Opus: the Swiss army knife of audio codec
RISC vs. CISC? What is this, the early 90's? There are no RISC chips anymore, except as product lines that were originally developed with the RISC methodology in mind. Similarly, true CISC doesn't exist either. Microcode has done wonders in turning complex instructions into a series of simpler instructions like one would find on a RISC processor.
The author's real point appears to be: x86 vs. Other Embedded Architectures. Without even looking at the article (which I did do), it's not hard to answer that one: There is no need for x86 code in a mobile platform. The hardware is going to be different than a PC, the interface is going to be different than a PC, and the usage of the device is going to be different than a PC. Providing x86 compatibility thus offers few, if any, real advantages over an ARM or other mobile chip.
If Intel's ATOM takes off, it will be on the merits of the processor and not on its x86 compatibility. Besides, x86 was a terrible architecture from the get-go. There's something mildly hilarious about the fact that it became the dominant instruction set in Desktop PCs across the world.
Javascript + Nintendo DSi = DSiCade
RISC vs CISC was the architecture flamewar of the late 1980s. Welcome to the 21th century, you'll like it here. It's a world when, since the late 90s, the ISA (instruction set architecture), is so abstracted away from the actual micro-architecture of microprocessor, as to make it completely pointless to make distinctions between the two. Modern processors are RISC, they are CISC, they are vector machines, they're everything you want them to be. Move on, the modern problems are now in multi-core architecture and their issues of memory coherence, cache sharing, memory bandwidth, interlocking mechanisms, uniform vs non-uniform, etc. The "pure RISC" standard bearers of yore have disappeared or have been expelled from the personnal computing sphere (remember Apple ditching PowerPC ? Alpha anyone ? Where are those shiny MIPS-based SGIs gone?). Even Intel couldn't impose a new ISA on its own (poor adoption of IA-64). The only RISC ISA that has any existence in the personnal computing arena, including mobile, is ARM, but precisely, they do only mobile. There's really no reason at all to build any device on which you plan to run generic OSes and rich computing experience on anything else than x86 or x86-64 machines.

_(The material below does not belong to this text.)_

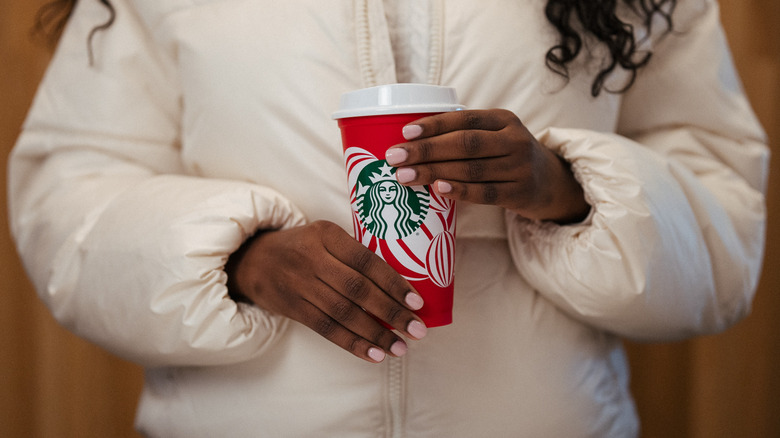 A person holding the 2024 Red Cup Day cup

Intel sucessfully killed the high end CPU manufacturers. However, recently they have had poor performance in the very low power arena. Their main offering (XScale, until they sold it) was poor compared ot the competitors. Compare the Intel PXA27x to the Philips LPC3180. The philips chip has about the same instruction rate for integer instructions (at half the clock rate), hardware floating point (so it's about 5x as fast at this) and draws about 1/5 of the power. I know which one I prefer...
Unlike the old RISC workstation manufacturers which relied on a small market of high margin machines, the current embedded CPU manufacturers operate in a huge, cut-throat world where they need to squeeze up the price/performance ratio as high as possible to maintain a lead. I think this market will be somewhat tougher to crack than the workstation market, since intel does not have what they had before: an advantage in volume shipped.

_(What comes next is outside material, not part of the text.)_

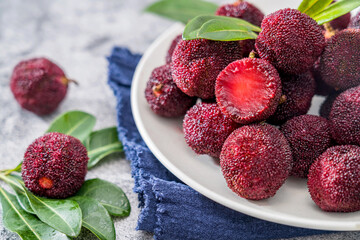  bowl of bayberry placed on a concrete table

SJW n. One who posts facts.
I've had to work with the ARM ISA in the past (I was studying its implementation as a soft core on an FPGA), and I can tell you it doesn't follow the RISC philosophy well, if at all.
One very non-RISC thing ARM did was move the shift instructions into every arithmetic instruction. That's right: there are no dedicated shift instructions. When you need a shift instruction, you have to encode it as part of a move operation or an add. In effect, every add, and, or, sub, etc. is actually a an add+shift, and+shift, or+shift, etc. This is the opposite of the RISC philosophy, and it significantly complicates the hardware, since a variable shifter has to be on the ALU critical path.
Other non-RISC things ARM did include the Java instruction set extensions, the Thumb instruction set extensions (further reduce code size), vector & media instruction set instructions, etc.
I think calling ARM "RISC" is a marketing decision only, done for historical reasons. It doesn't have much to do with the technical reality, IMO. Jon Stokes would have done better to say ARM vs. x86, instead of RISC vs. CISC, which is an outdated idea back from the 80s & 90s.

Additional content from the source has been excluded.